Dalam hal perubahan Land Use di Indonesia, utamanya karena tiga hal; karena kebijakan transmigrasi (1905–1940 / pada masa kolonial Belanda; dan 1969–sekarang) – sekitar 8.94 jt ha lahan (sebagian besar hutan) telah dikonversi untuk tanaman pangan, terutama utk peningkatan produksi padi;

Hal kedua, lantaran Hak Pengusahaan Hutan (HPH) dengan systematic logging-nya. Ini dimulai sejak awal 1970an (puncaknya tahun 1985-1997) dengan kecepatan degradasi sekitar 1.26 jt tahun-1. Kondisi telah menjadi penyebab utama percepatan kerusakan hutan sehingga menjadi akses bagi masyarakat pendatang;

Lalu yang ketiga, Kebijakan meningkatkan produktivitas lahan hutan yang telah rusak dengan mengizinkan investor membuka lahan (utamanya pada hutan terdegradasi) untuk perkebunan kelapa sawit dan HTI yang dimulai akhir 1980an

Fakta lapangan menunjukkan bahwa sebagian besar lahan kebun sawit swasta yang diteliti status lahannya bukan merupakan kawasan hutan. Tetapi areal dengan status APL dengan riwayat penggunaan sebelum beroprasinya PSB adalah eks hak guna usaha perusahaan lain, eks HPH, ladang rakyat lokal dan lahan eks transmigrasi. Hal ini didukung fakta hasil penelitian citra landsat tutupan lahan areal konsesi PSB setahun sebelum izin usaha PSB.

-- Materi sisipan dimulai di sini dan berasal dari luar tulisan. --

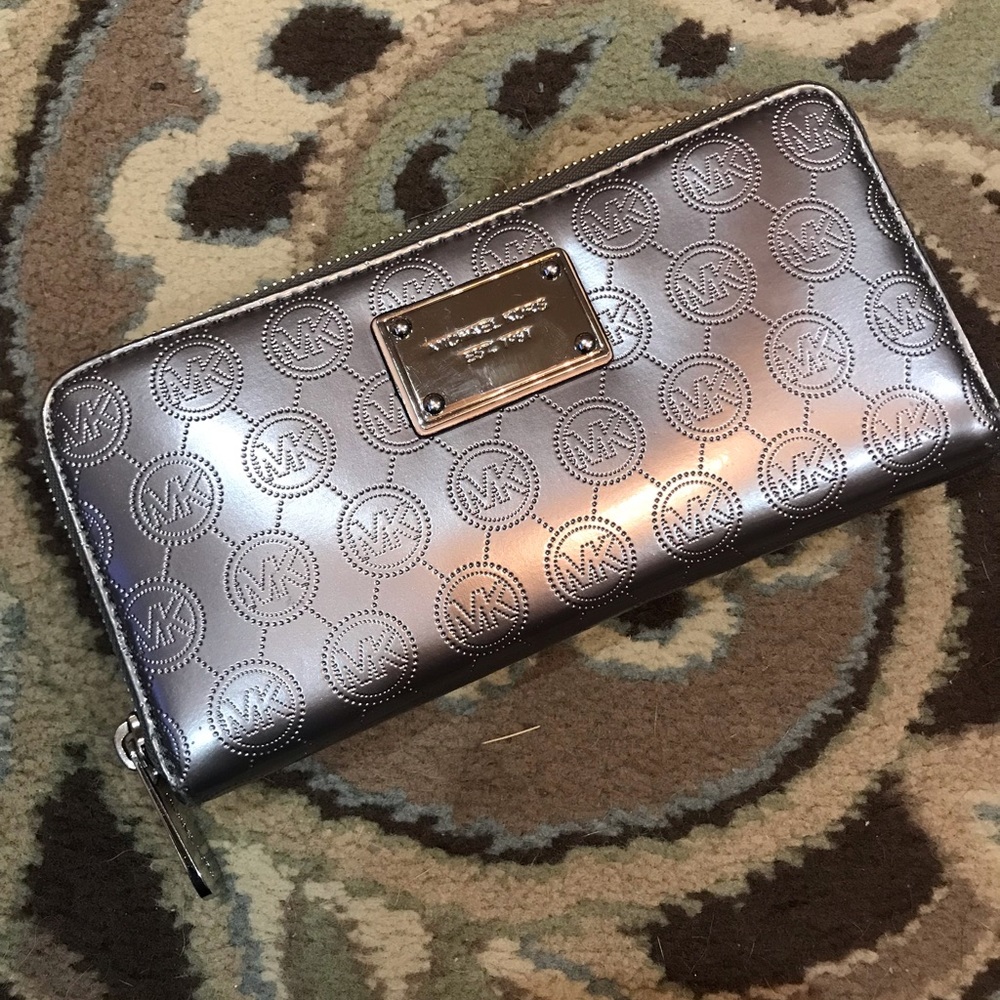 Michael Kors Metallic Wallet
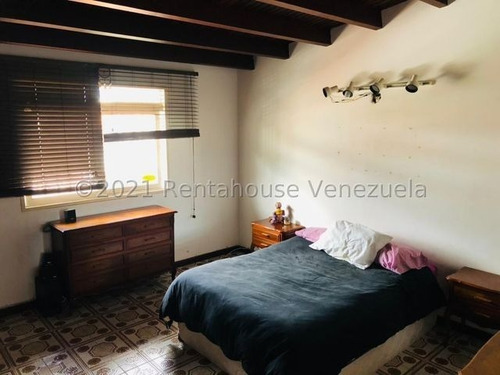 Imagen 9 de 20 de Amplia Y Acogedora Casa En Venta - Urb Los Naranjos Del Caferal - Mls#22-883
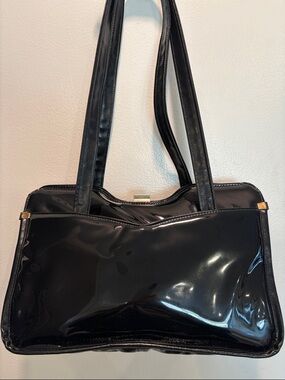 Classic Black Patent Shoulder Bag - Sleek Women's Tote. 50”s 60”s bag.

Adapun status lahan untuk kebun sawit rakyat, berdasarkan hasil penelitian di 16 kebun sawit rakyat menunjukkan sekitar 92% status lahannya sudah bukan kawasan hutan saat areal tersebut dijadikan kebun kelapa sawit. Penelusuran riwayat penggunaan lahan tersebut menunjukkan bahwa semua areal kebun sawit rakyat tersebut bukan merupakan hutan primer, tetapi berupa areal ladang eks transmigran danladang masyarakat lokal.

Hal ini didukung pula oleh hasil analisis citra landsat tentang riwayat tutupan lahan dari areal-areal tersebut sebelum dijadikan kebun sawit rakyat yakni berupa tanah terbuka dan semak belukar.

Perlu segera disusun naskah akademik sebagai dasar pertimbangan usulan tanaman sawit menjadi salah satu tanaman kehutanan, sehingga dimungkinkan ditanam pada kawasan hutan tanaman rakyat (HTR) dan hutan tanaman industri (HTI). Sesuai pengaturan tata ruang mikro hutan tanaman, maka hutan tanaman sawit ini akan terbangun sebagai suatu landscape mozaik dengan jenis-jenis tanaman lainnya seperti tanaman unggulan, tanaman kehidupan, konservasi dll.

Untuk mencegah meluasnya perilaku deforestasi negatif dengan penyebar luasan isu deforestasi tanpa data akurat dan valid yang dapat berdampak negatif terhadap proses pembangunan nasional yang terkait langsung dengan perkebunan kelapa sawit di Indonesia, maka pemerintah maupun para pemangku kepentingan perkebunan sawit perlu mengambil langkah-langkah hukum sesuai peraturan perundangan yang berlaku di Indonesia demi tegaknya hukum dan keadilan.

Mengingat batasan, konsep atau definisi tentang hutan, kawasan hutan, degradasi dan deforestasi didalam berbagai peraturan perundangan di Indonesia harus jelas karena menjadi acuan dan rujukan legal, maka dibutuhkan suatu forum untuk mengkaji dan mensinkronisasi rumusannya didalam berbagai peraturan perundangan yang ada, juga perlu mendorong dilakukannya revisi UU No 41 Tahun 1999 tentang kehutanan.